Stored items from a collection:
<<<<

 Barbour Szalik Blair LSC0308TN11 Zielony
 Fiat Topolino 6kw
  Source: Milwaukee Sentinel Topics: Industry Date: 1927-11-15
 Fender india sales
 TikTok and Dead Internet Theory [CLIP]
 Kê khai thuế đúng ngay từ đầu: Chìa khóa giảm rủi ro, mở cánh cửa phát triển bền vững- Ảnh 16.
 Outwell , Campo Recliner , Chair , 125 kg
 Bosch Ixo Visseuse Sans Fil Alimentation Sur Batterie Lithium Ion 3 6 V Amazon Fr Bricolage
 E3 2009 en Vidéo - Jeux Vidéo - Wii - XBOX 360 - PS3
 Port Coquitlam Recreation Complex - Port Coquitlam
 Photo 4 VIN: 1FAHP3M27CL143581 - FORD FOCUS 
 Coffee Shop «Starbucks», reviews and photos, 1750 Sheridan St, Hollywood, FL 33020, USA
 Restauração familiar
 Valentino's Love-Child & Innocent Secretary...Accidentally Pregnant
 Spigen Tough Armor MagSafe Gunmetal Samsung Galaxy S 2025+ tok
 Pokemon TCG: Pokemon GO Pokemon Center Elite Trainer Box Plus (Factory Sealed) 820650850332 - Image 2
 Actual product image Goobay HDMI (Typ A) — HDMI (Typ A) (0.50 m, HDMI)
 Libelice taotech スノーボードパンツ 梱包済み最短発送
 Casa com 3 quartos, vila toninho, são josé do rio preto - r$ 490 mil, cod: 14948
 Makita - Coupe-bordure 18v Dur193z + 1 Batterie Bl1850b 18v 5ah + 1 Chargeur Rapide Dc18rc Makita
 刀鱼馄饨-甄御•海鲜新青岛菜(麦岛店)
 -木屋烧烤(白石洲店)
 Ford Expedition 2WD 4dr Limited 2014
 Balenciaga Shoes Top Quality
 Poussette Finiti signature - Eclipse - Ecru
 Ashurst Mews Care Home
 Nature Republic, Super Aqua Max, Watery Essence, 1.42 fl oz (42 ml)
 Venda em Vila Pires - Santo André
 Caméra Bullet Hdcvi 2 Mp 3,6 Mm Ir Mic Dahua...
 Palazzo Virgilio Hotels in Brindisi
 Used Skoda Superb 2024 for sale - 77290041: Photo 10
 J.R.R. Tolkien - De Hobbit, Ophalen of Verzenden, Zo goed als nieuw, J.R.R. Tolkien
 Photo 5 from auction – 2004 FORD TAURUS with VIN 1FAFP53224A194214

>>>>

Only the line containing "Used Skoda Superb" and the lines after it, up to and including the last line of the data, should appear in the answer, exactly as written.

→ **Finished task**
 Used Skoda Superb 2024 for sale - 77290041: Photo 10
 J.R.R. Tolkien - De Hobbit, Ophalen of Verzenden, Zo goed als nieuw, J.R.R. Tolkien
 Photo 5 from auction – 2004 FORD TAURUS with VIN 1FAFP53224A194214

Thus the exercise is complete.